The world is so exquisite with so much love
and moral depth, that there is no reason to deceive ourselves with pretty
stories for which there's little good evidence. Far better it seems to me, in
our vulnerability, is to look death in the eye and to be grateful every day for
the brief but magnificent opportunity that life provides.
On cannabis
The cannabis experience has greatly improved
my appreciation for art, a subject which I had never much appreciated before.
The understanding of the intent of the artist which I can achieve when high
sometimes carries over to when I'm down. This is one of many human frontiers
which cannabis has helped me traverse. There also have been some art-related
insights — I don't know whether they are true or false, but they were fun to
formulate.
On experiment
Our perceptions may be distorted by training and prejudice or merely because of the limitations of our sense organs, which, of course, perceive directly but a small fraction of the phenomena of the world.
Even so straightforward a question as whether in the absence of friction a pound of lead falls faster than a gram of fluff was answered incorrectly by Aristotle and almost everyone else before the time of Galileo.
Science is based on experiment, on a willingness to challenge old dogma, on an openness to see the universe as it really is. Accordingly, science sometimes requires courage—at the very least the courage to question the conventional wisdom.
On God
The idea that a God or gods is necessary to effect one or more of these origins has been under repeated attack over the last few thousand years. Because we know something about phototropism and plant hormones, we can understand the opening of the morning glory independent of divine micro-intervention. It is the same for the entire skein of causality back to the origin of the universe. As we learn more and more about the universe, there seems less and less for God to do.

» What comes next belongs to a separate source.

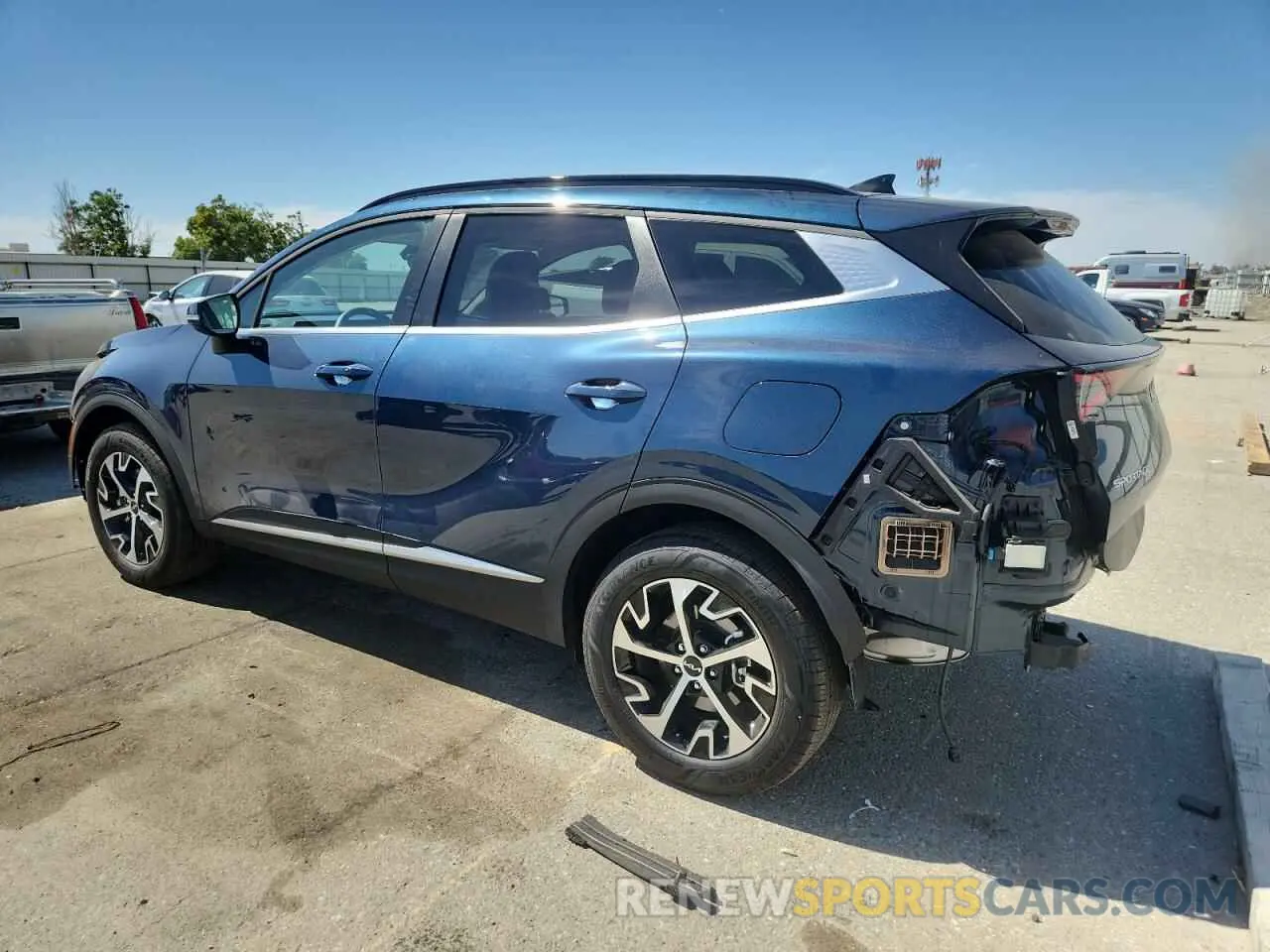 2 fotografías del automóvil dañado KNDPVCDG4S7179372 KIA SPORTAGE 2025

On our place in the cosmos
We are the local embodiment of a Cosmos grown to self-awareness. We have begun to contemplate our origins: starstuff pondering the stars; organized assemblages of ten billion billion billion atoms considering the evolution of atoms; tracing the long journey by which, here at least, consciousness arose. Our loyalties are to the species and the planet. We speak for Earth. Our obligation to survive is owed not just to ourselves but also to that Cosmos, ancient and vast, from which we spring.
On the future
I worry that, especially as the Millennium edges nearer, pseudo-science and superstition will seem year by year more tempting, the siren song of unreason more sonorous and attractive. Where have we heard it before? Whenever our ethnic or national prejudices are aroused, in times of scarcity, during challenges to national self-esteem or nerve, when we agonize about our diminished cosmic place and purpose, or when fanaticism is bubbling up around us-then, habits of thought familiar from ages past reach for the controls. The candle flame gutters. Its little pool of light trembles. Darkness gathers. The demons begin to stir.
On books
The whole idea of what happens when you read a book, I find absolutely stunning. Here's some product of a
tree, little black squiggles on it, you open it up, an inside your head is the
voice of someone speaking, who may have been dead 3000 years, and there he is
talking directly to you, what a magical thing that is.